**Required work**. Write out the data exactly, please, and omit the pictures.

**Supplied data**.
• • • • • • •

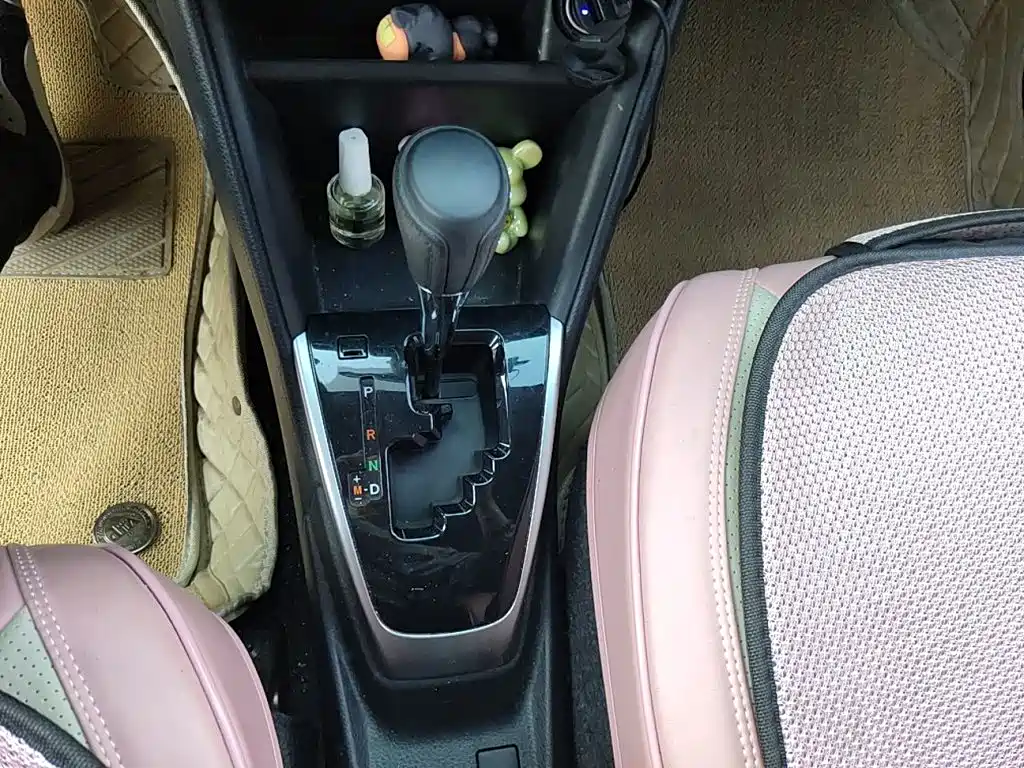 Toyota Yaris L 2023 — фото 10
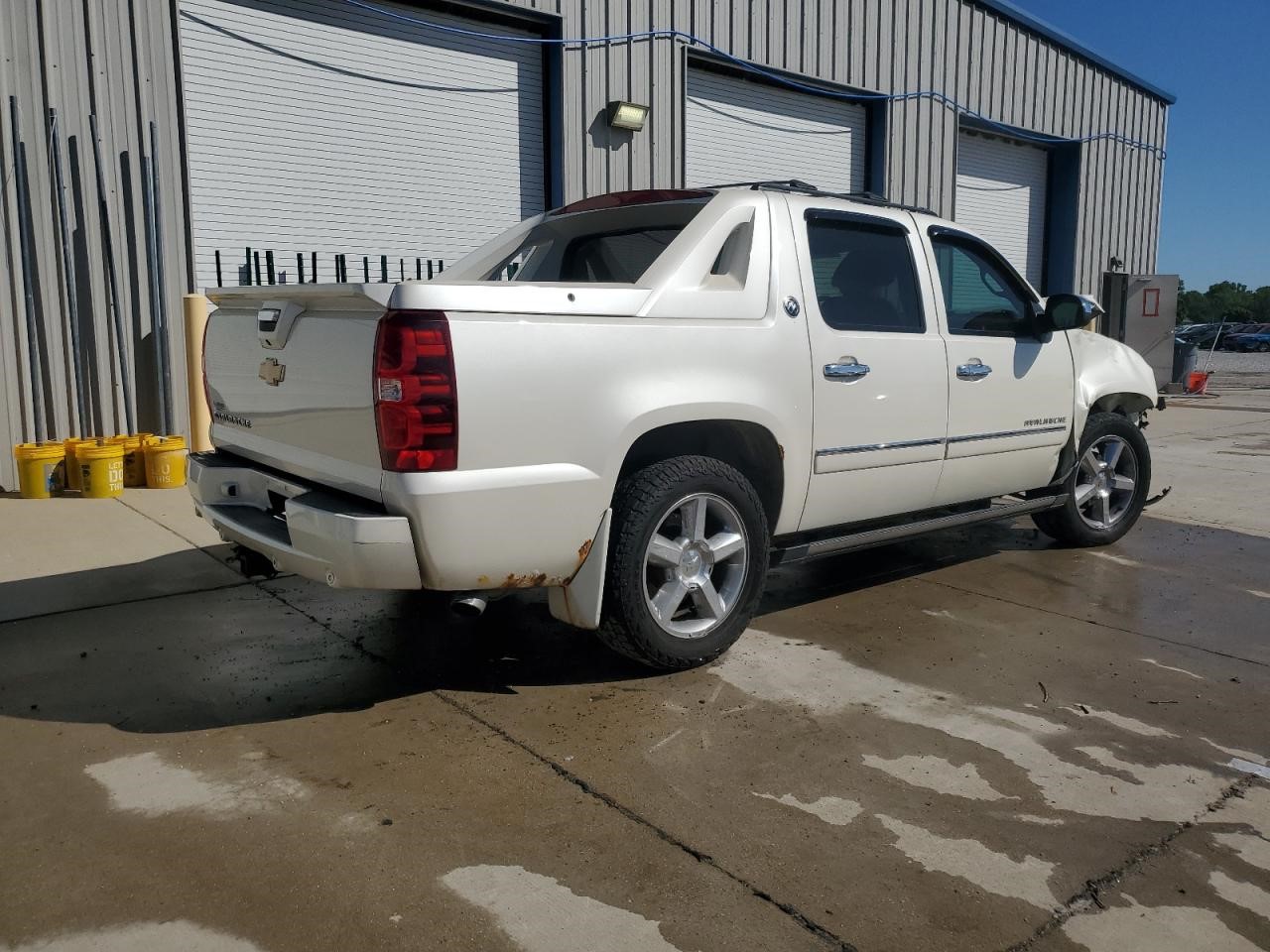 https://f005.backblazeb2.com/file/img-partshotlines-com/Inventory/EX94/Vehicle/161543_03.jpg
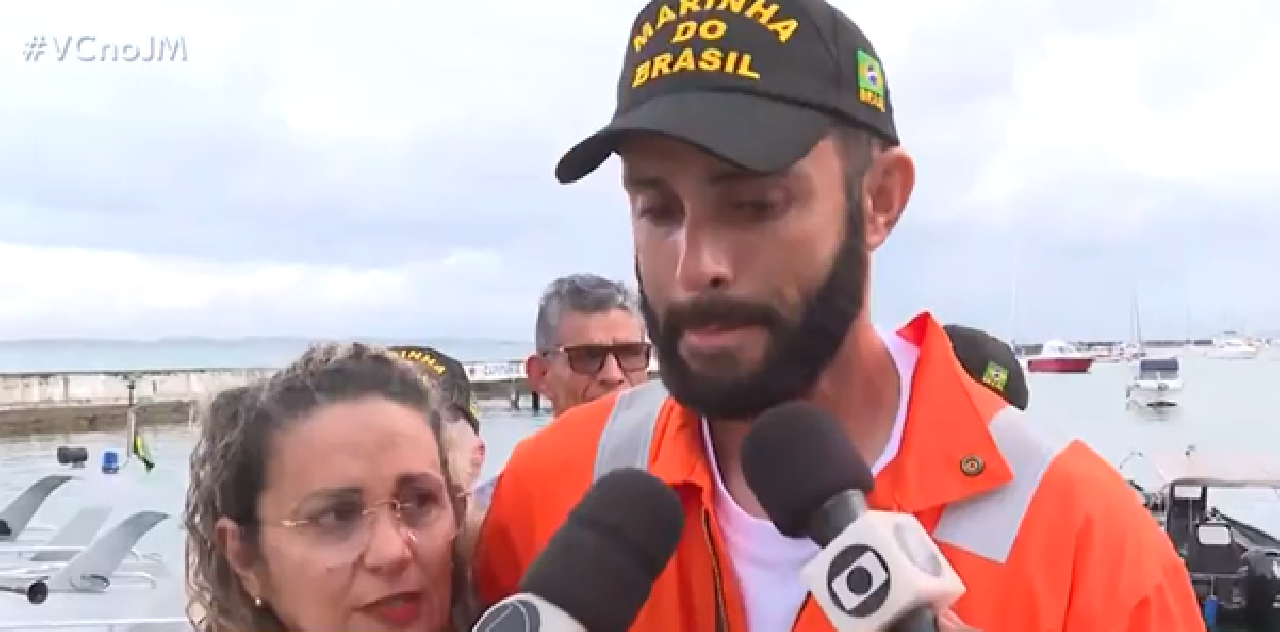 BALEIA BATEU EM VELEIRO QUE NAUFRAGOU NA COSTA DE ILHÉUS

• • • • • • •

**Response below**.
 Toyota Yaris L 2023 — фото 10
 https://f005.backblazeb2.com/file/img-partshotlines-com/Inventory/EX94/Vehicle/161543_03.jpg
 BALEIA BATEU EM VELEIRO QUE NAUFRAGOU NA COSTA DE ILHÉUS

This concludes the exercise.